Una battaglia giudiziaria iniziata oltre trent’anni fa, un ricorso che sembrava destinato a garantire la pensione di reversibilità a una figlia inabile, e un colpo di scena finale che invece rafforza l’Inps. È la trama di una vicenda che ha attraversato tribunali, corti d’appello e infine la Cassazione, dove pochi giorni fa l’istituto previdenziale ha ottenuto una vittoria pesantissima.
Il caso
Il caso ruotava intorno a una domanda presentata nel 2009 per la pensione del padre, deceduto nel 1990: quasi vent’anni di ritardo che hanno trasformato la questione in un terreno minato di prescrizioni, eccezioni e cavilli tecnici. Alla fine, la Suprema Corte non solo ha dato ragione all’Inps, ma ha anche fissato un principio che rischia di cambiare le regole del gioco per migliaia di cittadini: d’ora in poi l’ente potrà eccepire la prescrizione senza dover più specificare i termini, lasciando al giudice il compito di calcolare quali ratei spettano davvero e quali no.

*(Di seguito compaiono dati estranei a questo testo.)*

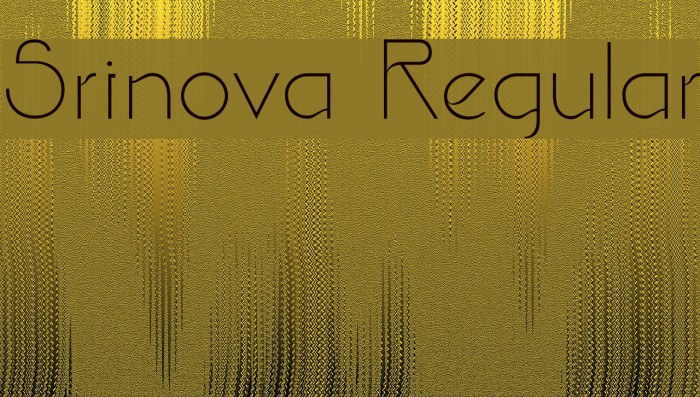 Srinova Regular Example 2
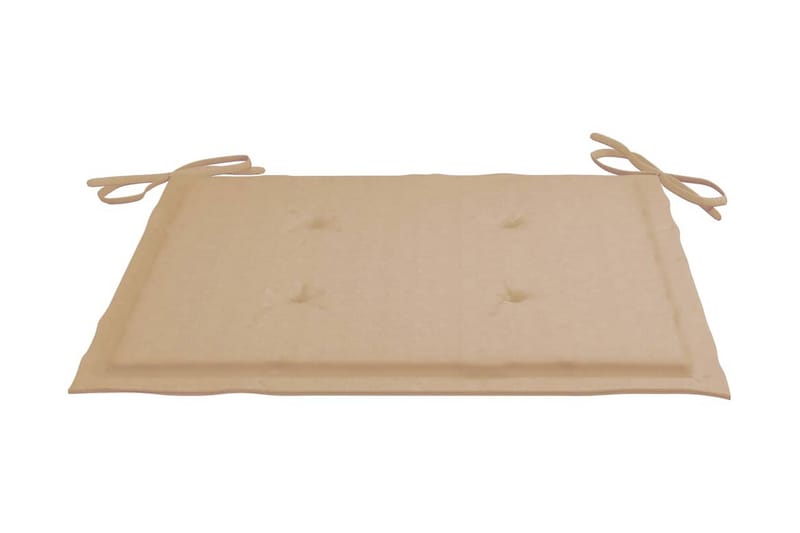 Havestole med beige hynder 6 stk. massivt teaktræ - Beige - Positionsstole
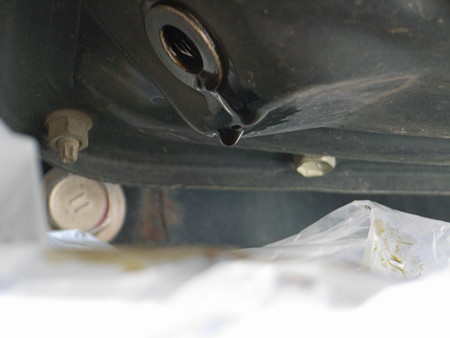 オイルポタポタ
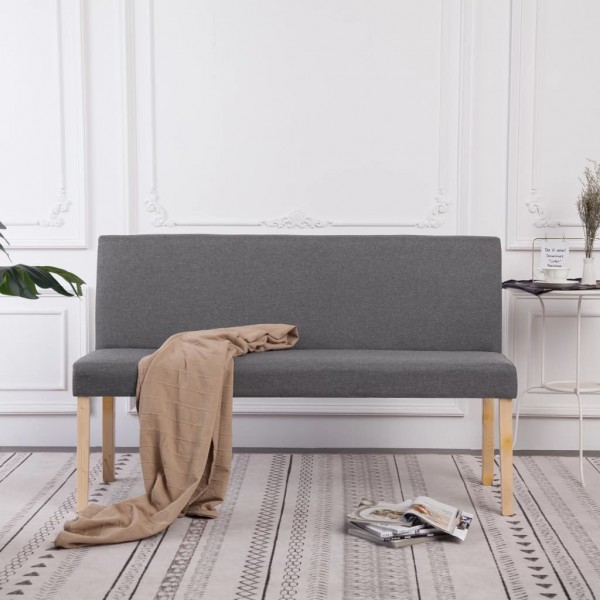 Banco de poliéster 139.5 cm gris claro
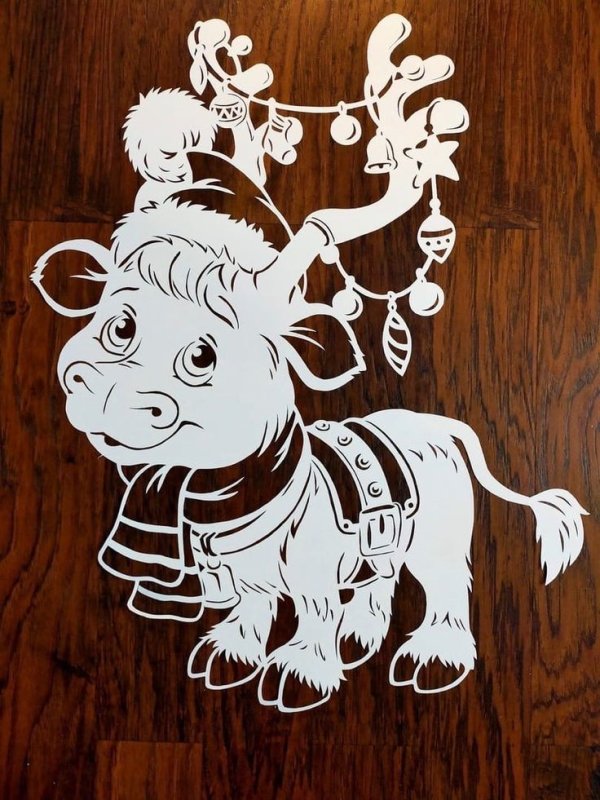 Украшения на окна животные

La vicenda e le prime sentenze
La Corte d’appello di Catanzaro aveva confermato la sentenza di primo grado che riconosceva il diritto della richiedente, ritenendo dimostrati i requisiti di totale inabilità, vivenza a carico e limite reddituale. I giudici calabresi avevano respinto l’eccezione di prescrizione sollevata dall’Inps, giudicandola generica perché priva dell’indicazione puntuale del dies a quo, ossia il giorno da cui far decorrere i termini. In appello, l’istituto previdenziale aveva sostenuto l’applicabilità del termine quinquennale introdotto dal d.l. 98/2011, e non quello decennale, chiedendo di escludere tutti i ratei maturati tra il 1991 e il 1999. Ma la Corte aveva confermato la spettanza della prestazione e compensato le spese, respingendo le tesi dell’ente.
Il ricorso in Cassazione
L’Inps non si è fermato e ha portato la questione davanti alla Suprema Corte, affidandosi a due motivi di ricorso: la violazione degli articoli 2935 c.c. e 112 c.p.c. in materia di prescrizione e l’omessa pronuncia sulla decorrenza degli accessori di legge (interessi e rivalutazioni). La controparte, G.S., ha resistito con controricorso, eccependo l’inammissibilità per carenza di specificità e ribadendo il diritto a ottenere la prestazione fin dal mese successivo al decesso del padre. La causa è stata trattata e decisa all’adunanza camerale del 25 marzo 2025.
Il verdetto
La Suprema Corte ha accolto il ricorso dell’Inps, cassando la sentenza di appello e rinviando nuovamente alla Corte di Catanzaro, in diversa composizione. Sul primo motivo, gli Ermellini hanno chiarito che la mancata indicazione del dies a quo non rende generica l’eccezione di prescrizione: una volta sollevata la questione, spetta infatti al giudice individuare d’ufficio il momento iniziale della decorrenza, sulla base degli elementi ritualmente acquisiti. Non è quindi necessario che l’Inps specifichi il giorno da cui far decorrere i termini: basta che eccepisca l’intervenuta prescrizione. Sul secondo motivo, la Corte ha accolto la doglianza dell’ente, stabilendo che la decorrenza degli accessori (interessi e rivalutazioni) deve partire dalla domanda amministrativa, che vale come messa in mora, e non da epoche antecedenti.
Le implicazioni pratiche
Il principio sancito dalla Cassazione cambia il quadro. La prescrizione della reversibilità resta fissata in dieci anni, interrotta dalla domanda amministrativa, dall’avvio del giudizio o da altri atti notificati. Ma l’Inps, da ora, potrà eccepire la prescrizione senza dover calcolare termini e scadenze: sarà il giudice a stabilire quali ratei sono dovuti e quali invece prescritti. Questo significa che i cittadini dovranno presentare richieste all’Inps in modo molto più puntuale e documentato, dimostrando con precisione tutti gli atti che hanno interrotto la prescrizione. Una strada certamente più complessa per chi si ritrova a reclamare prestazioni dopo molti anni.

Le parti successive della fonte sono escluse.